In realtà, il testo fa più di questo.
Il libro getta luce sulla genesi storica e sulla matrice culturale della pratica
delle biblioteche viventi; ne offre utili definizioni concettuali e tassonomie
e prende posizioni, anche polemiche, sul modo più o meno ortodosso di
concepire e declinare tali esperienze.
In particolare, suggerisce l'ipotesi di considerare il tema della diversità
nell'eccezione più libera possibile, non gravata da ipoteche negative o
frettolose assunzioni ma come sinonimo di ricchezza, al di là degli schemi
rigidi o stereotipi preconfezionati.
Questo aspetto richiederebbe, da parte dello stesso Baldi o di altri studiosi,
di avviare un dibattito sulla questione in esame: vale a dire, se la pratica
della biblioteca vivente intende concepirsi esclusivamente come racconto
delle diversità o anche come esperienza della diversità dei racconti.

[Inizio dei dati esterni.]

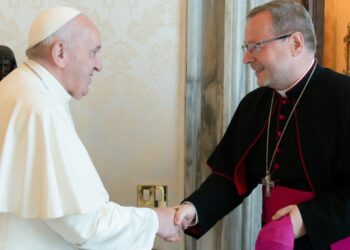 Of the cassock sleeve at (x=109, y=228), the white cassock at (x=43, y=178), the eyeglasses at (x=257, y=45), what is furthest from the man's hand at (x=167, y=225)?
the eyeglasses at (x=257, y=45)

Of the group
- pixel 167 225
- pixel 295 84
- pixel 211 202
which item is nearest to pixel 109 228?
pixel 167 225

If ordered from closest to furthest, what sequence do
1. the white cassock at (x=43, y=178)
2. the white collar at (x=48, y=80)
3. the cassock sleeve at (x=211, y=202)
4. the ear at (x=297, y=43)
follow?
1. the white cassock at (x=43, y=178)
2. the white collar at (x=48, y=80)
3. the ear at (x=297, y=43)
4. the cassock sleeve at (x=211, y=202)

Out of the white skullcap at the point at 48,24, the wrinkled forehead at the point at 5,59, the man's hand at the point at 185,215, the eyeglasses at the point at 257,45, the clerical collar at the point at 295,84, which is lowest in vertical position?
the man's hand at the point at 185,215

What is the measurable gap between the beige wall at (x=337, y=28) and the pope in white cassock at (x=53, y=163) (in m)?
1.80

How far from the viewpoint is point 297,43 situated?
1.61m

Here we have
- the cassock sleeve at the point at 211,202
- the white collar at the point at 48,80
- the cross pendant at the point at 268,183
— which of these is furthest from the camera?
the cassock sleeve at the point at 211,202

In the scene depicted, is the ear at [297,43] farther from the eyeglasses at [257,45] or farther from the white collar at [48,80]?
the white collar at [48,80]

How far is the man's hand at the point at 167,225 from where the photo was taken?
1666 mm

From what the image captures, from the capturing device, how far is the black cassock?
1508mm

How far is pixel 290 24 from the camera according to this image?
1611 millimetres

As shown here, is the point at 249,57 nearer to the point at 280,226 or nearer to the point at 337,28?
the point at 280,226

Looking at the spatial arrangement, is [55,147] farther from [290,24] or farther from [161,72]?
[161,72]

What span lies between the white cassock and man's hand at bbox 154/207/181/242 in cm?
26

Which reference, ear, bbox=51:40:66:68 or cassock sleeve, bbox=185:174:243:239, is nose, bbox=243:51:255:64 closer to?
cassock sleeve, bbox=185:174:243:239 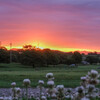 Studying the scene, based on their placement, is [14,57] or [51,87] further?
[14,57]

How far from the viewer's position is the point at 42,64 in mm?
93812

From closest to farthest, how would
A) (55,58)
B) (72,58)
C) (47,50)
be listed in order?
(55,58)
(47,50)
(72,58)

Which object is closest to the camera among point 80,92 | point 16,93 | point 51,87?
point 80,92

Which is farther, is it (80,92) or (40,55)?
(40,55)

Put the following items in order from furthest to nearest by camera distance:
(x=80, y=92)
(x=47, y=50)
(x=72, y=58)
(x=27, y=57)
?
(x=72, y=58) < (x=47, y=50) < (x=27, y=57) < (x=80, y=92)

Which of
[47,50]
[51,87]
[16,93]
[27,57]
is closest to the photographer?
[51,87]

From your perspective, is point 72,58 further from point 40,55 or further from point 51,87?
point 51,87

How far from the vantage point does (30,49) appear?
102 m

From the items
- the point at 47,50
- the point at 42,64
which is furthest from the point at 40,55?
the point at 47,50

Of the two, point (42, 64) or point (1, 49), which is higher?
point (1, 49)

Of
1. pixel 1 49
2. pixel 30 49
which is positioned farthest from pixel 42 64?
pixel 1 49

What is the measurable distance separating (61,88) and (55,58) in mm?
95588

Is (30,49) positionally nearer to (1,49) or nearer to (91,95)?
(1,49)

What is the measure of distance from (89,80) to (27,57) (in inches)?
3510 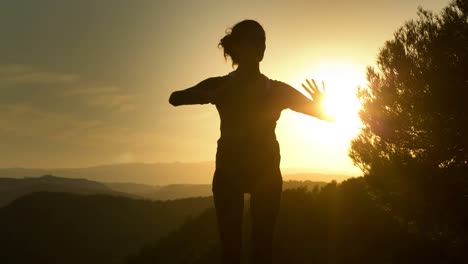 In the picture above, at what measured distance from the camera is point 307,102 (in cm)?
342

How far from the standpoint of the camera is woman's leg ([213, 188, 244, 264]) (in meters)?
3.21

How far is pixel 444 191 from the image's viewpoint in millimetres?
A: 15336

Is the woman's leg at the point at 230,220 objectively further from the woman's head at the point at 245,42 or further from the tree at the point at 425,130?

Non bisogna scordare che proprio tanta parte della letteratura e della
filosofia contemporanea testimoniano del fatto che quello del diverso è
spesso, tragicamente, un viaggio attraverso il non-umano alla ricerca di un
ricongiungimento con un rinnovato senso di umanità.
E al contempo, peraltro verso, Baldi stesso sottolinea, delineando una
tassonomia delle possibili funzioni della biblioteca vivente, che questa
possa svolgere anche un compito d’intrattenimento non strettamente sociale,
capace di generare nuovi legami.
La biblioteca vivente è un'esperienza di lettura che non deve tradire la sua
originaria vocazione a essere una comunicazione in seno alla solitudine.